Many hypotheses are made as to the causes of these differences, which are not found in the repeatability, since the results of measurements on the same panel, carried out in the same laboratory, with the same measuring chain, by the same operator and at a short distance from each other, were found to be affected by a standard deviation that is fully compatible with the indications of the standard.
One of the most investigated factors was the perimeter frame of the test opening between the two reverberation chambers, i.e. the type of finish of the opinion to which the test panels are anchored.
The ISO EN UNI 10140-3 standard does not specify the frame characteristics, leading to variability in the frame materials used between laboratories. However, our analysis of the results of the mentioned interlaboratory comparison shows that reproducibility values improve significantly when the comparison is limited to laboratories, the majority of which are equipped with cement frames.

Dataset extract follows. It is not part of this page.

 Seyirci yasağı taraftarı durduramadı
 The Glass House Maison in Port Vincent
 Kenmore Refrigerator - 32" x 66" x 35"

In addition, ensuring proper assembly of the samples is crucial to avoid direct sound passages and maintain the measured soundproofing power, especially at higher frequencies.

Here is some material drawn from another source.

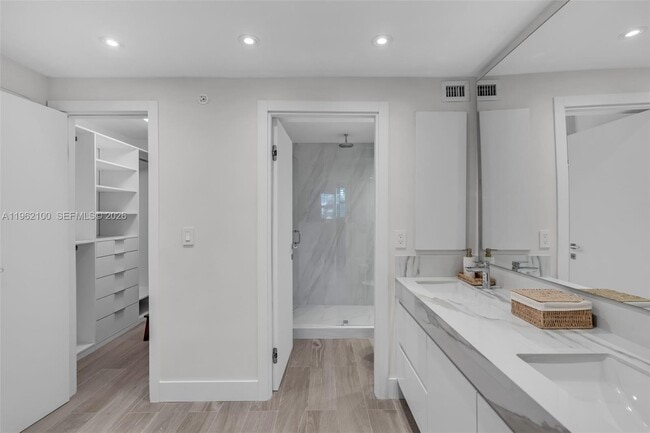 Building Photo - 609 Ocean Dr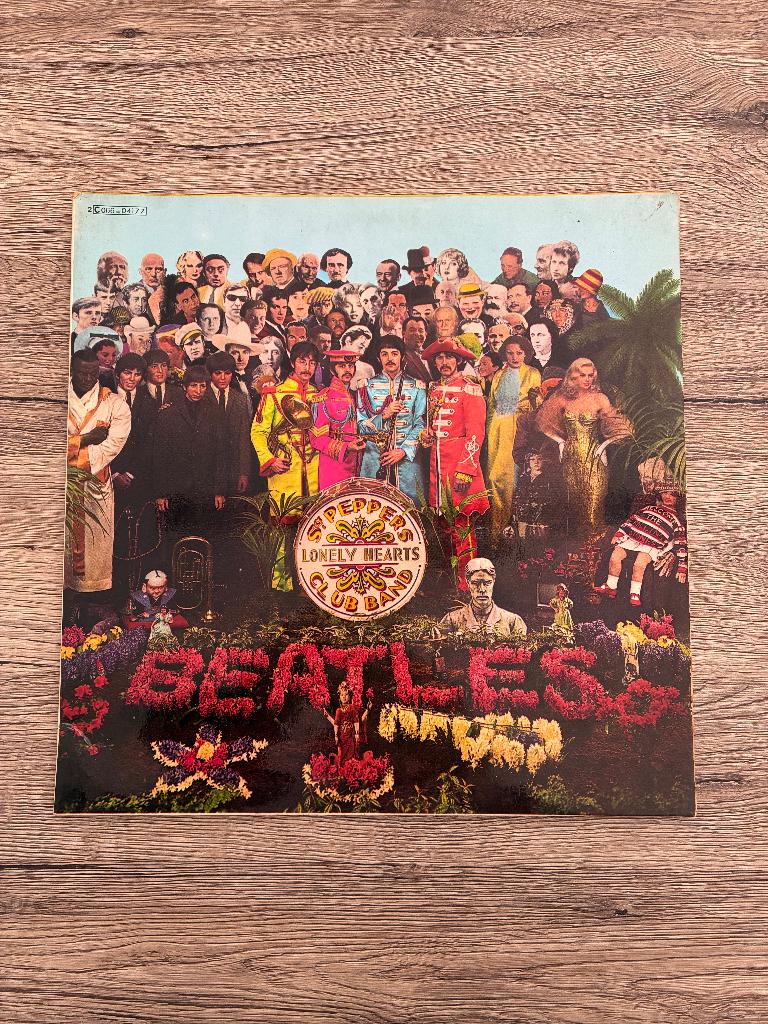 THE BEATLES - SGT PEPPERS ONLY HEARTS, CD & DVD, Vinyles | Rock, Comme neuf, Pop rock, 1960 - 1969, Autres formats, Enlèvement ou Envoi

At XEFRA Laboratory, we specialise in sound insulation measurements according to ISO EN UNI 10140-3 standards. Our facility consists of two adjacent semi-reverberation chambers with a common wall containing the test opening. This setup is designed to minimise lateral sound transmission and ensure that sound energy passes primarily through the test opening.
The heavy wall structures in the chambers provide substantial insulation against external noise, resulting in a low background noise environment, particularly in the receiving environment. The volume and dimensions of the test opening, which, for example, may not be less than 10 m2 , must comply with the requirements laid down in the general standard ISO EN UNI 10140-1. As far as measurement accuracy is concerned, the reference standard is ISO EN UNI 10140-2, where the guidelines for determining the repeatability and reproducibility values obtainable with this procedure are given.

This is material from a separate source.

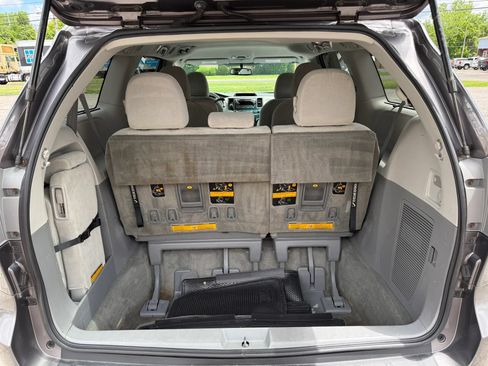Used 2011 Toyota Sienna LE FWD image 7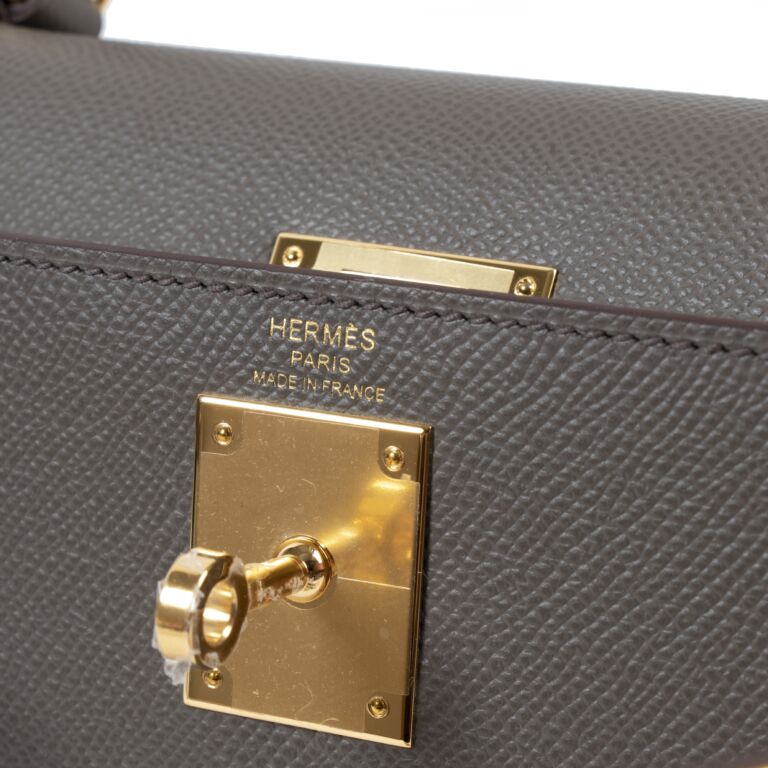 Hermès Etoupe and Black Epsom Horseshoe 28 cm Kelly For Sale at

The measurement principle for soundproofing power is simple in concept but complex in practice. Once the sample partition under test has been installed in the appropriate opening, a sound signal with a constant sound pressure level in the frequency range between 63 Hz and 5 kHz is produced in the chamber known as the transmitting chamber by means of an omnidirectional source fed with white noise. This signal is picked up in both chambers by two microphone stations, each consisting of a microphone placed on a rotating rod. The two microphones are connected to a two-channel real-time digital spectrum analyser, by means of which the spectral distribution of the signals existing in the two rooms is determined, in addition to the sound pressure levels.
The measurement process involves recording the average sound pressure levels in both chambers across 1/3 octave frequency bands from 100 Hz to 4 kHz. This is repeated for three different sound source positions in the transmitting chamber, selected based on a specific acoustic qualification procedure outlined by the standard.
Acoustic Measurement and Insulation Testing in XEFRA’s Reverberation Chambers
In our acoustic reverberation chamber, a meticulous approach is taken to determine the existence of any sound leaks due to faulty assembly of the sample. This includes a phonometric check of the edges of the structure and any joints before each measurement. By overcoming these challenges, we ensure the integrity and accuracy of our sound insulation measurements, in accordance with the strict standards set by ISO.